--- MATERIAL TO PROCESS Enclosed Below ---

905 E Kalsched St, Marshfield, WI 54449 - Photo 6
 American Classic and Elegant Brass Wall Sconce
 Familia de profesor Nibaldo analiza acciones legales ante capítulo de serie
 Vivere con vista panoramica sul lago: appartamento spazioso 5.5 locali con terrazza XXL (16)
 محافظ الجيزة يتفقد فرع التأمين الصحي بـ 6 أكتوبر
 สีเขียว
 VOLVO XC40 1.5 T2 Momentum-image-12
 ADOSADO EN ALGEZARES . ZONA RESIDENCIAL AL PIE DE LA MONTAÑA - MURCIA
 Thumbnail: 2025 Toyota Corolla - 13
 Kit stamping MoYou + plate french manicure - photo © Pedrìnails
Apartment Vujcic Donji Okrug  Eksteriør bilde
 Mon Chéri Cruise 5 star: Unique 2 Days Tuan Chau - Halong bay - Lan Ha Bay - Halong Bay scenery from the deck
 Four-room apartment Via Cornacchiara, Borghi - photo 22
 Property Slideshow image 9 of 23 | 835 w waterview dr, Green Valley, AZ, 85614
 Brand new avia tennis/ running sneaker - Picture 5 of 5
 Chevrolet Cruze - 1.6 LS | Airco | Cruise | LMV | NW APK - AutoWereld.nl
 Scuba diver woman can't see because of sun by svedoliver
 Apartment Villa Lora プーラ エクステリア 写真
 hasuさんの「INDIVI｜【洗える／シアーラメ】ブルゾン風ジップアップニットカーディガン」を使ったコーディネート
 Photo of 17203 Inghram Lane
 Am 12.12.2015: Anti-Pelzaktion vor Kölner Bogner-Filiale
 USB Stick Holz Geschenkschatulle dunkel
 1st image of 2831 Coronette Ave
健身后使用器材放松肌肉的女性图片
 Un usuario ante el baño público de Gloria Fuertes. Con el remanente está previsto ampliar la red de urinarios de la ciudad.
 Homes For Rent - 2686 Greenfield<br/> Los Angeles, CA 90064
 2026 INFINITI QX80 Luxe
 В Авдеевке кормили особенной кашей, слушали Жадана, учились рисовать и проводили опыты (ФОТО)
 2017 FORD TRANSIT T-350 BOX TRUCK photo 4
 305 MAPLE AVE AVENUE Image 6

--- End of Enclosed MATERIAL TO PROCESS ---

TASK TO COMPLETE: In the entries, find every line holding "ante" and copy it.

EXPECTED OUTPUT:
 Familia de profesor Nibaldo analiza acciones legales ante capítulo de serie
 Un usuario ante el baño público de Gloria Fuertes. Con el remanente está previsto ampliar la red de urinarios de la ciudad.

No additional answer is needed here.